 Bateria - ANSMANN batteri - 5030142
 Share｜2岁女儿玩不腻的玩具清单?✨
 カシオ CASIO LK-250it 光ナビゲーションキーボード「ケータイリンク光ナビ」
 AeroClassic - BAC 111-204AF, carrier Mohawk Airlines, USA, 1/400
·····
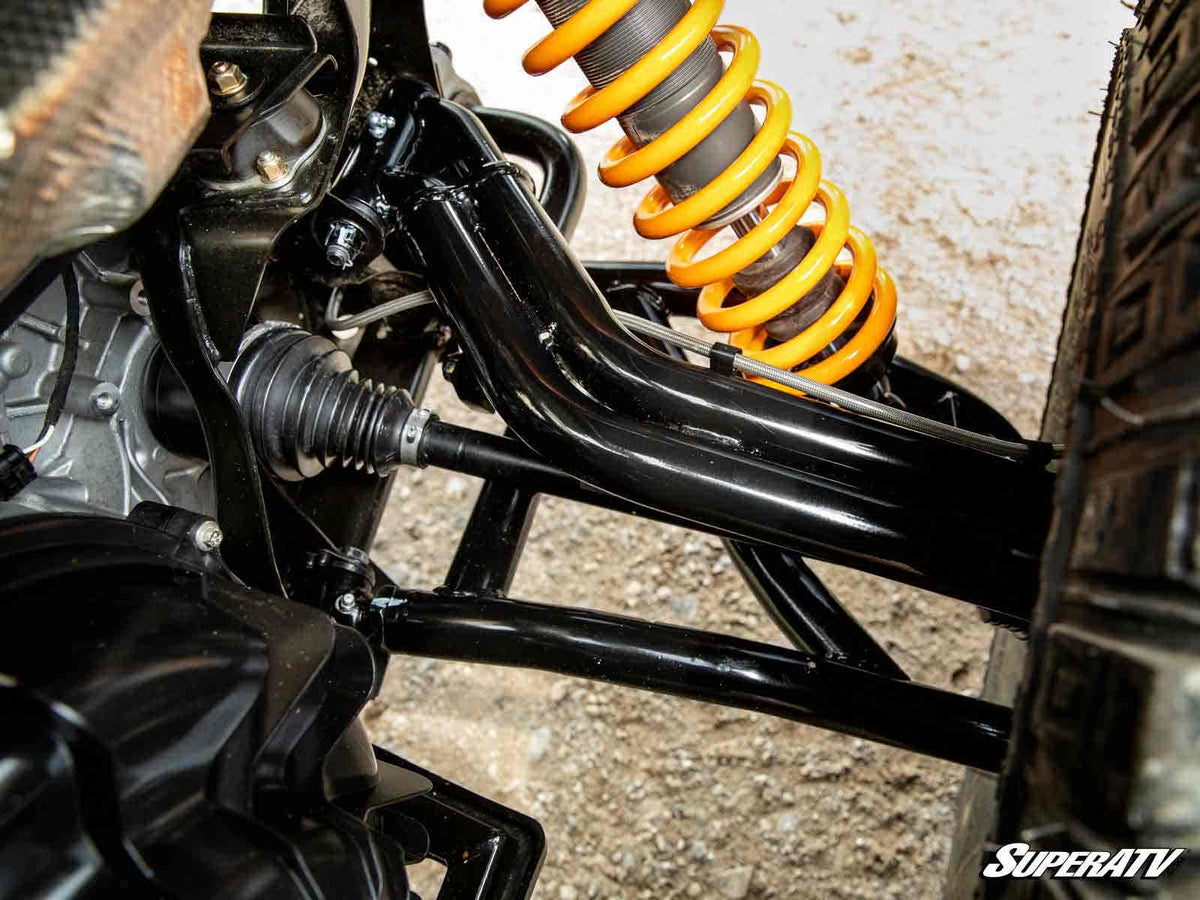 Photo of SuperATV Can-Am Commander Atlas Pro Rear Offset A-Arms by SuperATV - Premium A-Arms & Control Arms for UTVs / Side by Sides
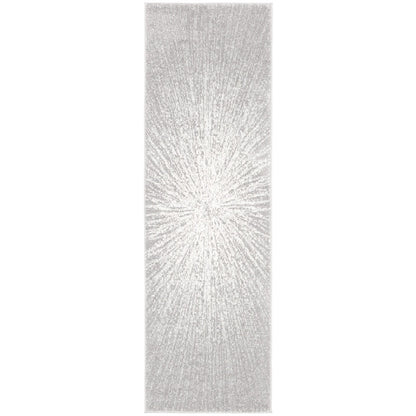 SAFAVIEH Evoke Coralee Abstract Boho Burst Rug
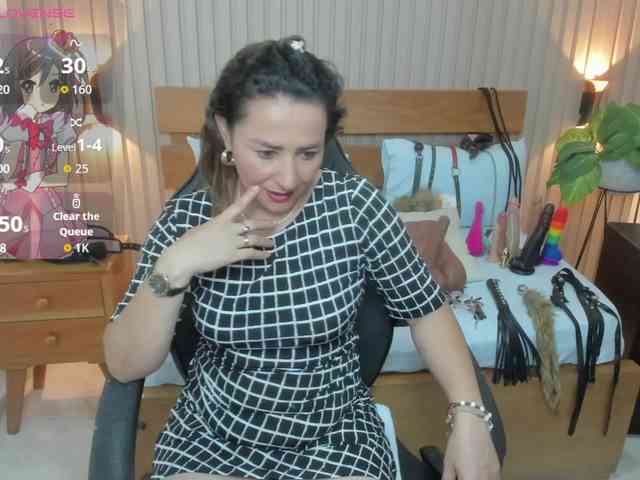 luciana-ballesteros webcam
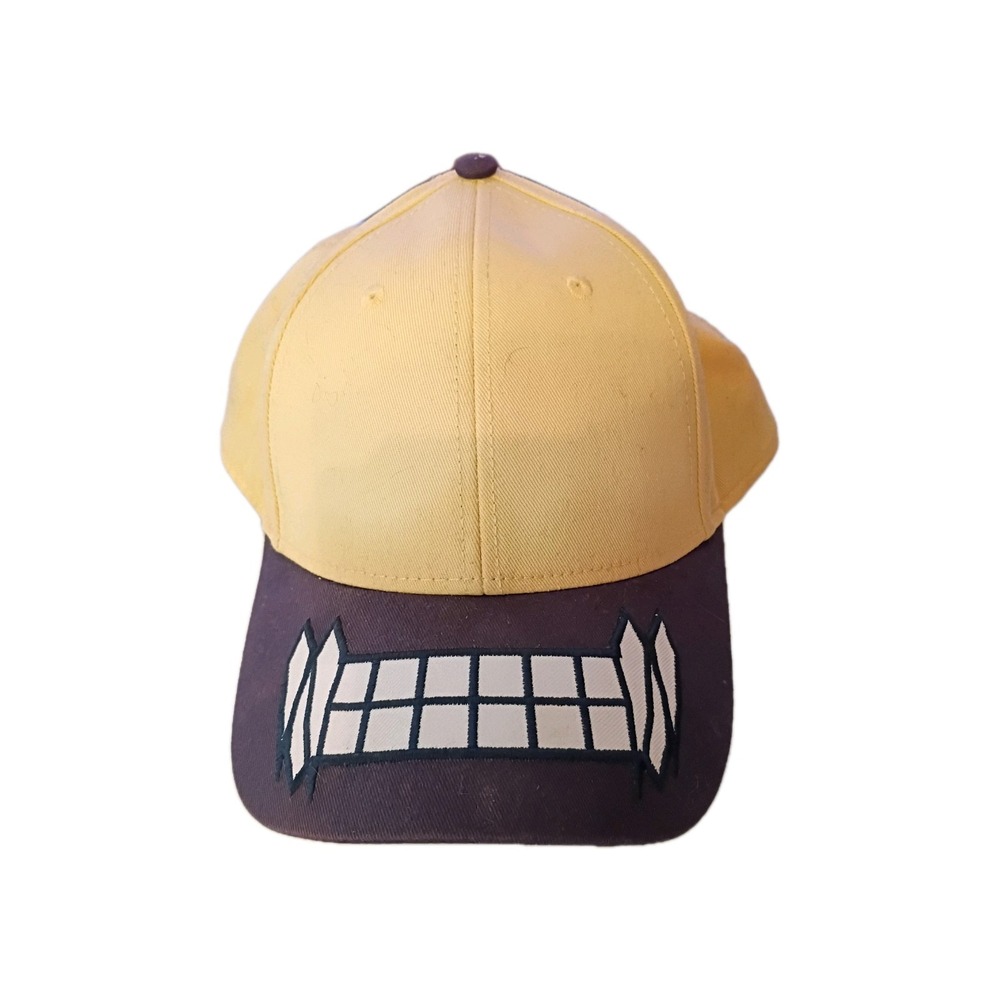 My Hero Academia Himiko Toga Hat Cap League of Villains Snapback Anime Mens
·····
Going down the listing above, begin printing at the line with "カシオ CASIO LK-250it 光ナビゲーションキーボード「ケータイリンク光ナビ」" and finish with the line with "AeroClassic - BAC", exactly as they appear.

 カシオ CASIO LK-250it 光ナビゲーションキーボード「ケータイリンク光ナビ」
 AeroClassic - BAC 111-204AF, carrier Mohawk Airlines, USA, 1/400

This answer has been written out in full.